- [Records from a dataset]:

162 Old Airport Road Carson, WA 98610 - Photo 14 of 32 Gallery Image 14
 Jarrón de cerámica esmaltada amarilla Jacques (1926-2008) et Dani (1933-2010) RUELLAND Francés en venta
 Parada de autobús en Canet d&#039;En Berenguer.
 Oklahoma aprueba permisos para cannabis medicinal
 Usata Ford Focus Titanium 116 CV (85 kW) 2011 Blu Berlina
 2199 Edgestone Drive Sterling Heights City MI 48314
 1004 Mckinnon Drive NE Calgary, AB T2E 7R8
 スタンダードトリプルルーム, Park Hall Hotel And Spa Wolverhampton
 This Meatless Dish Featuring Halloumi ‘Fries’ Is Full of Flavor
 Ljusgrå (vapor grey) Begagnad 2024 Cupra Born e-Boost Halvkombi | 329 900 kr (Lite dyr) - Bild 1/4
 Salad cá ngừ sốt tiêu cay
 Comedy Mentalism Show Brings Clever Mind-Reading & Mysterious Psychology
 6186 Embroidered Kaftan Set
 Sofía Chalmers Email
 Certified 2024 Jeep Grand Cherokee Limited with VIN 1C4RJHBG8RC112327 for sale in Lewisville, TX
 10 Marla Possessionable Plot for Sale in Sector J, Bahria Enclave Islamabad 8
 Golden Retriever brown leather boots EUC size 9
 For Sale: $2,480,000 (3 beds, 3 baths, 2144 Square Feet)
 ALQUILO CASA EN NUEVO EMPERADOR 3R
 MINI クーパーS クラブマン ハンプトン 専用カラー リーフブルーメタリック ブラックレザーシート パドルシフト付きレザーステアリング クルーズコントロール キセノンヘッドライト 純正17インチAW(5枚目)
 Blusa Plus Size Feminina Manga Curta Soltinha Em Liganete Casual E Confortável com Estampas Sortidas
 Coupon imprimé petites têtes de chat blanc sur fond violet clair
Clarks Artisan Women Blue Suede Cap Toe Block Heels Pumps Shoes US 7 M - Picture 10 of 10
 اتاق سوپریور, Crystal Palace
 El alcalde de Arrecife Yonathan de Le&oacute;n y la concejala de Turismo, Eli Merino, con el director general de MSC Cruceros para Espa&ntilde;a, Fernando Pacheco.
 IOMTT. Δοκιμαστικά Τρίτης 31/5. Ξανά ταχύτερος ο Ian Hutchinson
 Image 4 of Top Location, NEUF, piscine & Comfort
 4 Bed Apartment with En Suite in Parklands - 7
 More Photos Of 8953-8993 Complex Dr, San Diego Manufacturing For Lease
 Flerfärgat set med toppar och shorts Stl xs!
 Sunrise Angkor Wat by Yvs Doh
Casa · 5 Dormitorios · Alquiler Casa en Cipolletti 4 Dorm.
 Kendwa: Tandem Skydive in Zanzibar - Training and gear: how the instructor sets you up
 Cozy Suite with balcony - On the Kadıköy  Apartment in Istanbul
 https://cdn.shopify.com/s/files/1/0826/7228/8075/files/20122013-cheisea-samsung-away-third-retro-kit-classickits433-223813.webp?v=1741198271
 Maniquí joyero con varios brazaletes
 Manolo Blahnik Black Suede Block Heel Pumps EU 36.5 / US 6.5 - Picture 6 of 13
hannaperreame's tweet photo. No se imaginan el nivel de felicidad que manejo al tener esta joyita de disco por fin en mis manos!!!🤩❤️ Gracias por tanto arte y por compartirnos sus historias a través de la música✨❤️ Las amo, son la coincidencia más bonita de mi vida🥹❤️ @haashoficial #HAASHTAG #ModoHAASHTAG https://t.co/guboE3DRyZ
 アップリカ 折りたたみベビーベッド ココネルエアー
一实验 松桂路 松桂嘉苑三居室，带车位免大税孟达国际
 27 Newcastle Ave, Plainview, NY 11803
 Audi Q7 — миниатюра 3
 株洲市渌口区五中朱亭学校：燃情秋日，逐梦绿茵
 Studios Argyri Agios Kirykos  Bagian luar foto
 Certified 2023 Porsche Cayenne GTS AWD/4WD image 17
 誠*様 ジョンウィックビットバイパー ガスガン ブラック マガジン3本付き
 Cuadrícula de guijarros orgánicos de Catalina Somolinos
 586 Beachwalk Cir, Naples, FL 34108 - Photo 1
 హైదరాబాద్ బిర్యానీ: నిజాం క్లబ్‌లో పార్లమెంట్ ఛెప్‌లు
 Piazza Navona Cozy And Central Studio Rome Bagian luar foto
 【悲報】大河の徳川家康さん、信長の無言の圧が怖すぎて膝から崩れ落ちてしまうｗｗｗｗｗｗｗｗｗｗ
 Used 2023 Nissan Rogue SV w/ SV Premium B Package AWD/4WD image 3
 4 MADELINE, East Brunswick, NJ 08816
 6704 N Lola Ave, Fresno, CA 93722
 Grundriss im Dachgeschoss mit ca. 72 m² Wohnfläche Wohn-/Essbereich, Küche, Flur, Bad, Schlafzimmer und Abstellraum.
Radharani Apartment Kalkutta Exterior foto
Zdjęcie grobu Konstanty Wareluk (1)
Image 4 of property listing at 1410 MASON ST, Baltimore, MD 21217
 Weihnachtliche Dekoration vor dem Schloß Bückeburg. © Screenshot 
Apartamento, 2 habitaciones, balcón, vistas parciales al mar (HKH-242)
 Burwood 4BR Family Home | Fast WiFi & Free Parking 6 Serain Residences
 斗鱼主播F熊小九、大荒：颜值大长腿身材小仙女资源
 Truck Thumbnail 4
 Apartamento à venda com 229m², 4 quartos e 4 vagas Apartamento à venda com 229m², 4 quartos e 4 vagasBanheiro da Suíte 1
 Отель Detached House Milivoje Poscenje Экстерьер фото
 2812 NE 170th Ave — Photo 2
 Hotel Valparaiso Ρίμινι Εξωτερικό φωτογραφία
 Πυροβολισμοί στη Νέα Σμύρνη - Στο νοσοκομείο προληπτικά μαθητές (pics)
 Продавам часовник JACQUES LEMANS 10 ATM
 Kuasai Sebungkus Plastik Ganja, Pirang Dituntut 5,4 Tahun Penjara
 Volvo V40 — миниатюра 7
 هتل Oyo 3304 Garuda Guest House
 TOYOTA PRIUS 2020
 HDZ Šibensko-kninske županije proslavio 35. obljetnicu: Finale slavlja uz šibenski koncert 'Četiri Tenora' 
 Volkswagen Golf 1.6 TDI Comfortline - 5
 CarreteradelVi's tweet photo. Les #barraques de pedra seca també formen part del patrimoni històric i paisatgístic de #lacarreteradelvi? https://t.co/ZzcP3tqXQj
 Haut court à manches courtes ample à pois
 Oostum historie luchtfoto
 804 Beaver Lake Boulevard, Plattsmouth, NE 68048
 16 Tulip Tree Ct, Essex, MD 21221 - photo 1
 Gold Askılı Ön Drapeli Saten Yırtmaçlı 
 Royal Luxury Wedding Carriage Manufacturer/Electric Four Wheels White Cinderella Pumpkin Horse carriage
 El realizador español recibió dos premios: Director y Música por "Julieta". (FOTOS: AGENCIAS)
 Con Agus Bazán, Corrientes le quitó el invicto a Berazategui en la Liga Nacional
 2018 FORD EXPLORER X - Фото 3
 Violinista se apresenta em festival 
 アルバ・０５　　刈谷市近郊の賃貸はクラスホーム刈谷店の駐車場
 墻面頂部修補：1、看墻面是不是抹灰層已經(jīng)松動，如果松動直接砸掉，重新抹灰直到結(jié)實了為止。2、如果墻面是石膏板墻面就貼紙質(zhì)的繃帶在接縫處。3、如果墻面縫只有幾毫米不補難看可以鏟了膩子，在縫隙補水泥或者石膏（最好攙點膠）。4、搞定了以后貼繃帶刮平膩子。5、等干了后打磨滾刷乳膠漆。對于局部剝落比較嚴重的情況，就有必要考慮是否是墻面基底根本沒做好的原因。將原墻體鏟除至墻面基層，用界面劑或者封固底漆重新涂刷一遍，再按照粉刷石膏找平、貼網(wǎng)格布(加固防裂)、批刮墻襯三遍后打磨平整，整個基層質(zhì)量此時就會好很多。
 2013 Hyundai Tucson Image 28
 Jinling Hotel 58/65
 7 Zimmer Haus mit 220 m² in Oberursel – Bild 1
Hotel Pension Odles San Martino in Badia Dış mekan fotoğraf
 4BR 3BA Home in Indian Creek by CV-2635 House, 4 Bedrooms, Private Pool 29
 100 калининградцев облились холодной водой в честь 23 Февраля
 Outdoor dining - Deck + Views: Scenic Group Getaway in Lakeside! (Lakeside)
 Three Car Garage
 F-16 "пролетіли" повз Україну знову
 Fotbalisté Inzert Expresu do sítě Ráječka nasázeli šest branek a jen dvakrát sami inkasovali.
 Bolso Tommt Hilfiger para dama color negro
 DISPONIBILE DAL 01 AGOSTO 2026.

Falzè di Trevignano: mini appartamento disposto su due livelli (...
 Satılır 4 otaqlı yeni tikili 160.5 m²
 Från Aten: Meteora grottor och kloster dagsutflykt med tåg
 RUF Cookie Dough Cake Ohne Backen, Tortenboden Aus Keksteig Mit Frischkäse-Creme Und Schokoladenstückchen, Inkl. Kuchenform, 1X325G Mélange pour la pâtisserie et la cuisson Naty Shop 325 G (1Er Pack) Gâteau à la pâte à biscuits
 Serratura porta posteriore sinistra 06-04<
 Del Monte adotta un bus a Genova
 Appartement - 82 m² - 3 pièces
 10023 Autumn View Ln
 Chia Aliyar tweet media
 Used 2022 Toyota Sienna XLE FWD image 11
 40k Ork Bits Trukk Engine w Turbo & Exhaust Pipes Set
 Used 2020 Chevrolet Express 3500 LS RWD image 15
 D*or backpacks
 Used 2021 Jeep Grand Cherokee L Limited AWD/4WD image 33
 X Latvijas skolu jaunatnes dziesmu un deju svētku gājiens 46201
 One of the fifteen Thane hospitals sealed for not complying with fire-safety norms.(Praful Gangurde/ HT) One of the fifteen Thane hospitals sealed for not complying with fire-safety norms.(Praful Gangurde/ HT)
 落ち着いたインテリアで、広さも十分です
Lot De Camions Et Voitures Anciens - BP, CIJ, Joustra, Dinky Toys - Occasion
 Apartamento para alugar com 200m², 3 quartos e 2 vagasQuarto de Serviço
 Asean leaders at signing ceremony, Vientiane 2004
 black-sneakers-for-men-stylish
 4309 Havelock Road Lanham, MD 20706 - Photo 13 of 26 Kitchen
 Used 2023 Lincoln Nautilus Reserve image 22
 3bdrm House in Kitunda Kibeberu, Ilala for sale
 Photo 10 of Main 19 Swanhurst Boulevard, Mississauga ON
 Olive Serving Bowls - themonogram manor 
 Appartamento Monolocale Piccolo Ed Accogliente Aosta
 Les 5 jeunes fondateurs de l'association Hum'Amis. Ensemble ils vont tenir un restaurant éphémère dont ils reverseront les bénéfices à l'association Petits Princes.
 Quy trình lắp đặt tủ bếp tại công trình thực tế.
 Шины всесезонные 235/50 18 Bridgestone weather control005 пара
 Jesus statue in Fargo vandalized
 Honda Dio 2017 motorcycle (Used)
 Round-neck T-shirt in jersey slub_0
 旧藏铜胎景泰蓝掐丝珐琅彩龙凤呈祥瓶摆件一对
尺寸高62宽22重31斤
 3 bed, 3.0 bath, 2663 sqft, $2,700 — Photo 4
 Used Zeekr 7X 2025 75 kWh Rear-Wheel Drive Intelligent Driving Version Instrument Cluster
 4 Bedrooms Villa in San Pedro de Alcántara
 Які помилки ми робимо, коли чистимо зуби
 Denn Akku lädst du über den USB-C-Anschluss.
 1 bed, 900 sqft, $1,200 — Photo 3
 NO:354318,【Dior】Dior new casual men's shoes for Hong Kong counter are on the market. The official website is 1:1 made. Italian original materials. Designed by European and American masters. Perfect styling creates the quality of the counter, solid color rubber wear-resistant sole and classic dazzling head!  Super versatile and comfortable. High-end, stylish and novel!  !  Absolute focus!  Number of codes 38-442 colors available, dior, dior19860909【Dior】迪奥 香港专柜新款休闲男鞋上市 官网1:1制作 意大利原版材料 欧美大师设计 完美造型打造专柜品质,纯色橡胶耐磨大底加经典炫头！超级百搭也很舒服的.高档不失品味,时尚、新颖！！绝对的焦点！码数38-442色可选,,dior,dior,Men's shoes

- [TASK BRIEF]: The line above containing "повз Україну знову", the line containing "Photo 10 of", and every line between them are to be transcribed exactly; no other line is wanted.

- [ANSWER TO THIS PROBLEM]:
 F-16 "пролетіли" повз Україну знову
 Fotbalisté Inzert Expresu do sítě Ráječka nasázeli šest branek a jen dvakrát sami inkasovali.
 Bolso Tommt Hilfiger para dama color negro
 DISPONIBILE DAL 01 AGOSTO 2026.

Falzè di Trevignano: mini appartamento disposto su due livelli (...
 Satılır 4 otaqlı yeni tikili 160.5 m²
 Från Aten: Meteora grottor och kloster dagsutflykt med tåg
 RUF Cookie Dough Cake Ohne Backen, Tortenboden Aus Keksteig Mit Frischkäse-Creme Und Schokoladenstückchen, Inkl. Kuchenform, 1X325G Mélange pour la pâtisserie et la cuisson Naty Shop 325 G (1Er Pack) Gâteau à la pâte à biscuits
 Serratura porta posteriore sinistra 06-04<
 Del Monte adotta un bus a Genova
 Appartement - 82 m² - 3 pièces
 10023 Autumn View Ln
 Chia Aliyar tweet media
 Used 2022 Toyota Sienna XLE FWD image 11
 40k Ork Bits Trukk Engine w Turbo & Exhaust Pipes Set
 Used 2020 Chevrolet Express 3500 LS RWD image 15
 D*or backpacks
 Used 2021 Jeep Grand Cherokee L Limited AWD/4WD image 33
 X Latvijas skolu jaunatnes dziesmu un deju svētku gājiens 46201
 One of the fifteen Thane hospitals sealed for not complying with fire-safety norms.(Praful Gangurde/ HT) One of the fifteen Thane hospitals sealed for not complying with fire-safety norms.(Praful Gangurde/ HT)
 落ち着いたインテリアで、広さも十分です
Lot De Camions Et Voitures Anciens - BP, CIJ, Joustra, Dinky Toys - Occasion
 Apartamento para alugar com 200m², 3 quartos e 2 vagasQuarto de Serviço
 Asean leaders at signing ceremony, Vientiane 2004
 black-sneakers-for-men-stylish
 4309 Havelock Road Lanham, MD 20706 - Photo 13 of 26 Kitchen
 Used 2023 Lincoln Nautilus Reserve image 22
 3bdrm House in Kitunda Kibeberu, Ilala for sale
 Photo 10 of Main 19 Swanhurst Boulevard, Mississauga ON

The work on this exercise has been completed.